*Requirement:*
Omit every picture and return the rest of the data unaltered.

*** Opening Data in this exercise ***

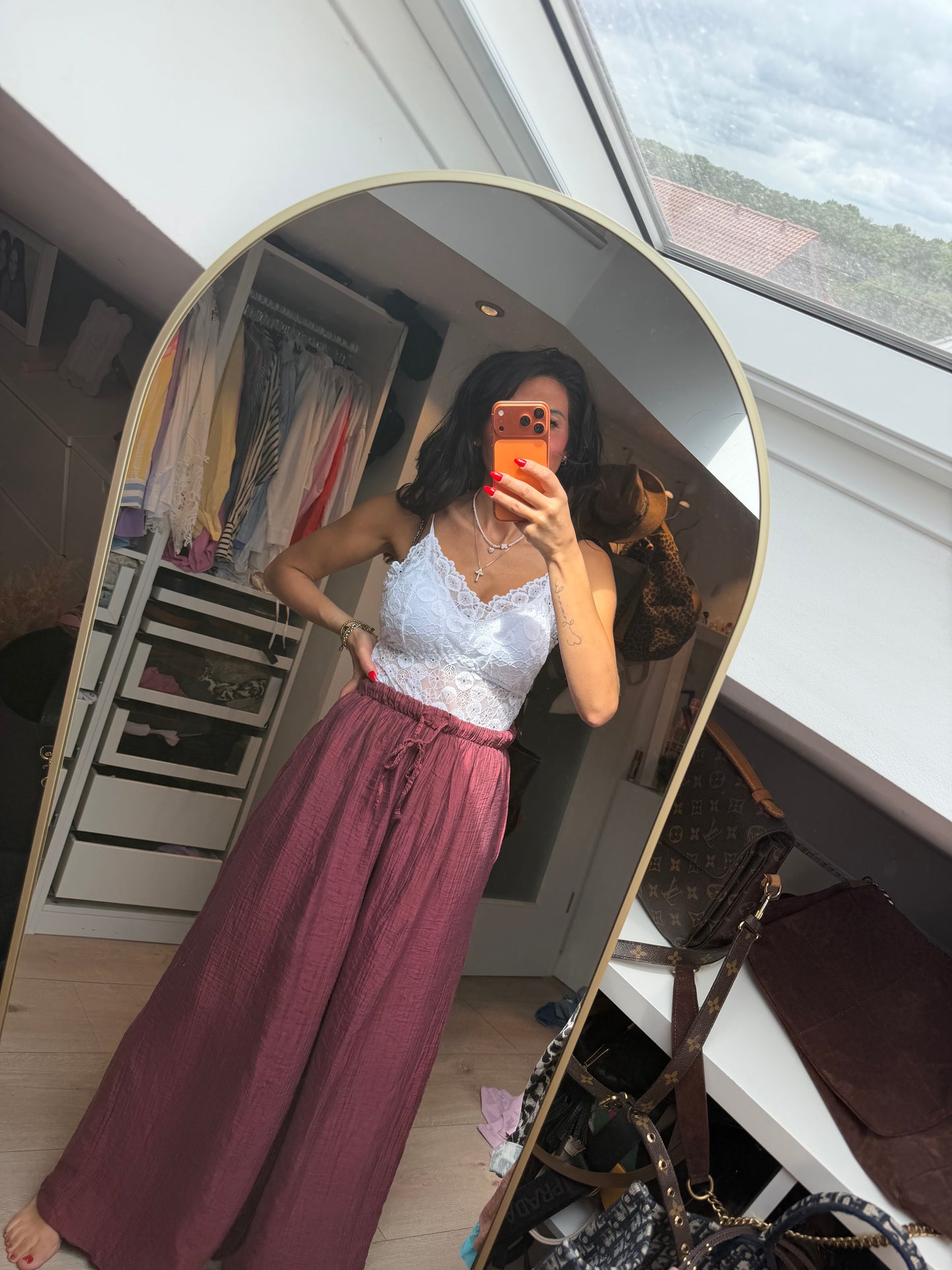 Hose "Bordeaux Palazzo"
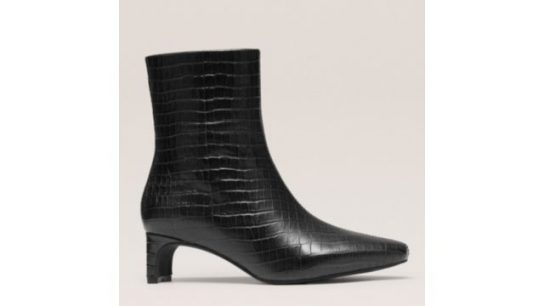 Clarks Edina Zip Leather Ankle Boot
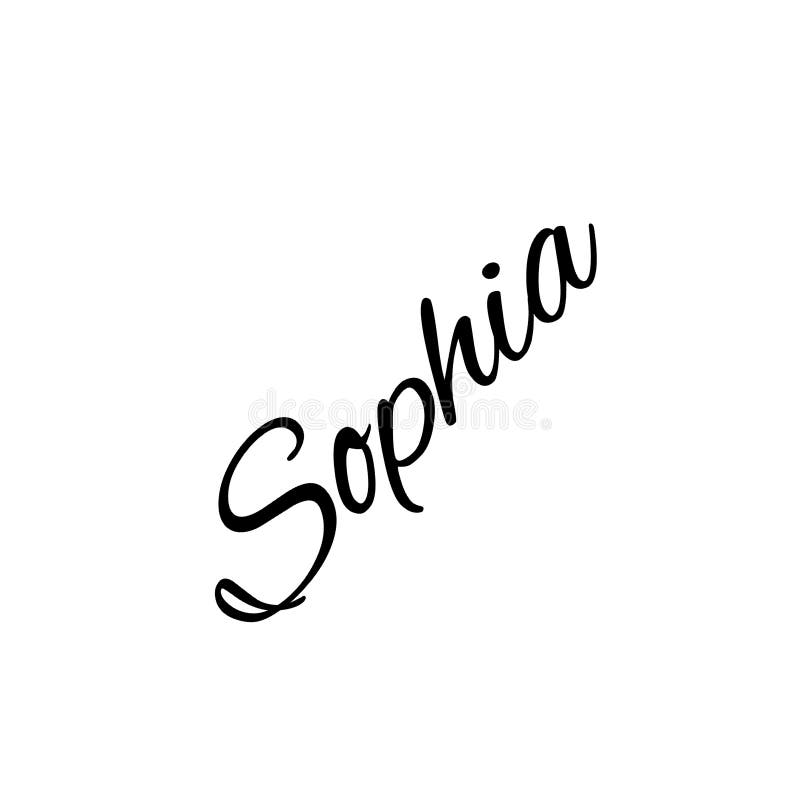 Sofia Female Name - in Stylish Lettering Cursive Typography Text Stock ...
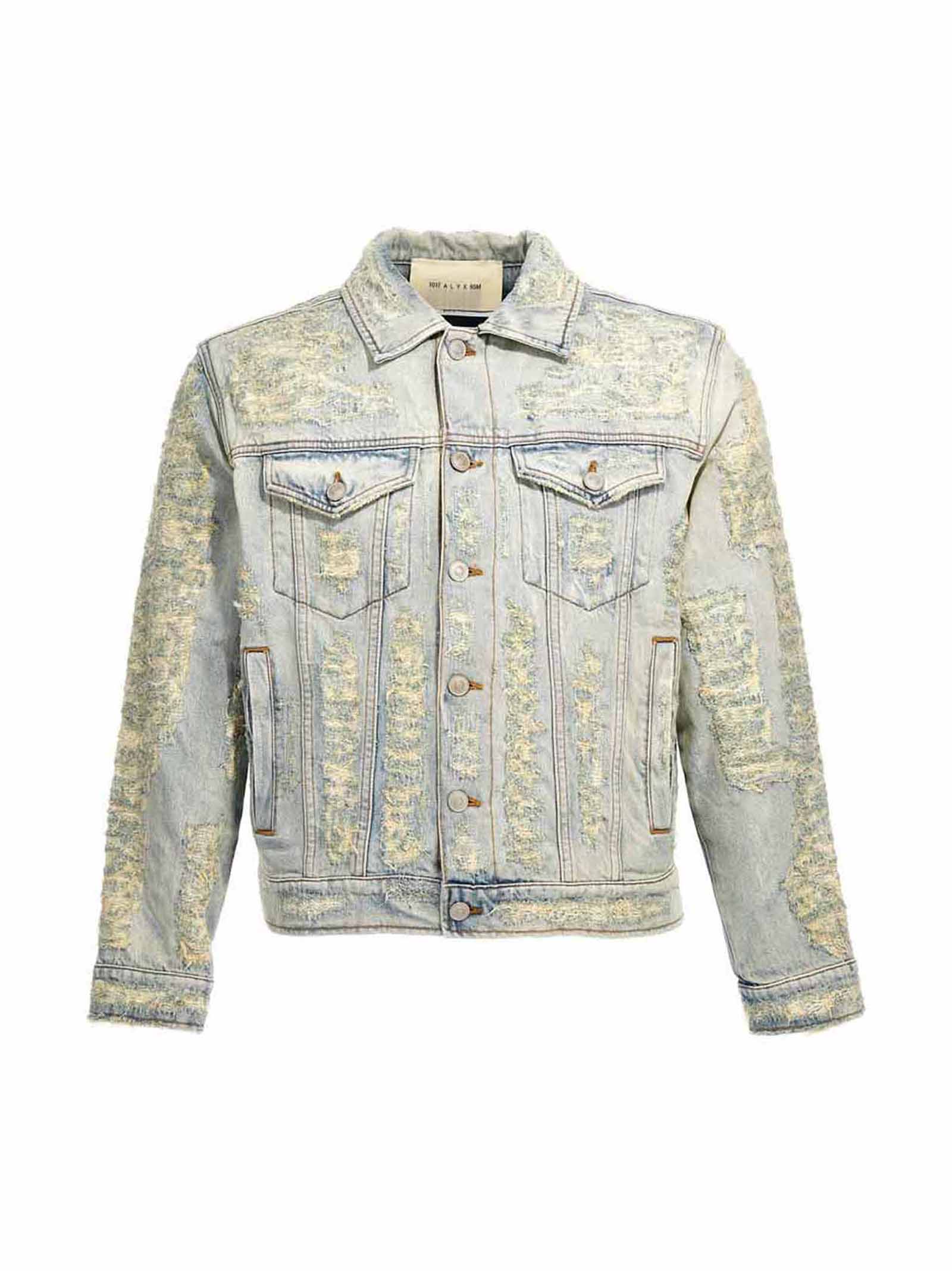 'Destroyed' jacket AAMOU0372FA01BLU0015 (1017-ALYX-9SM / カジュアルジャケット・ベスト ) | 1017-ALYX-9SM (アリクス)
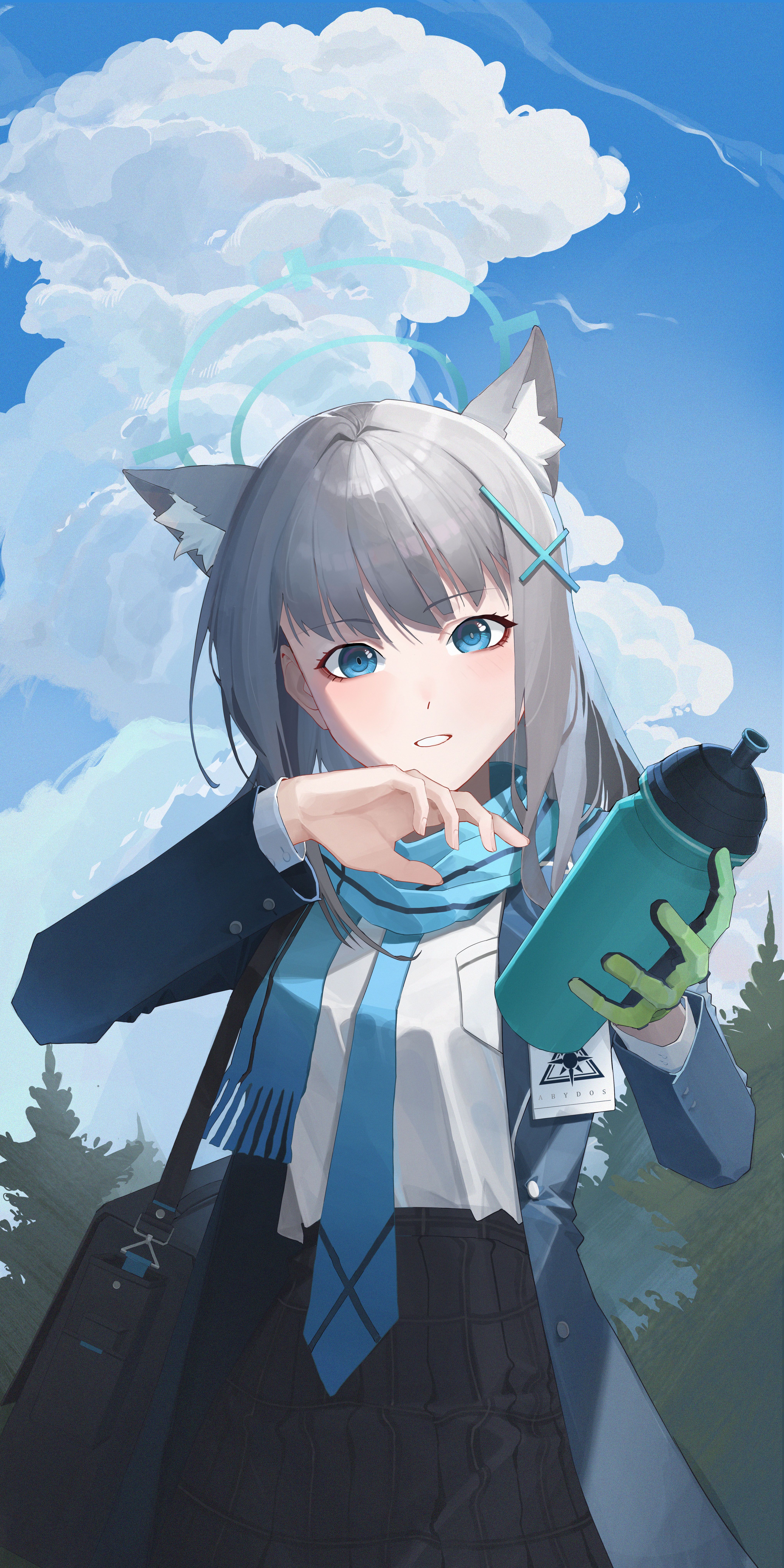 4050x8100 Sunaookami Shiroko Archive Wallpaper By Baihua Y Anime Image Board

*** Closing Data in this exercise ***

*The answer:*
 Hose "Bordeaux Palazzo"
 Clarks Edina Zip Leather Ankle Boot
 Sofia Female Name - in Stylish Lettering Cursive Typography Text Stock ...
 'Destroyed' jacket AAMOU0372FA01BLU0015 (1017-ALYX-9SM / カジュアルジャケット・ベスト ) | 1017-ALYX-9SM (アリクス)
 4050x8100 Sunaookami Shiroko Archive Wallpaper By Baihua Y Anime Image Board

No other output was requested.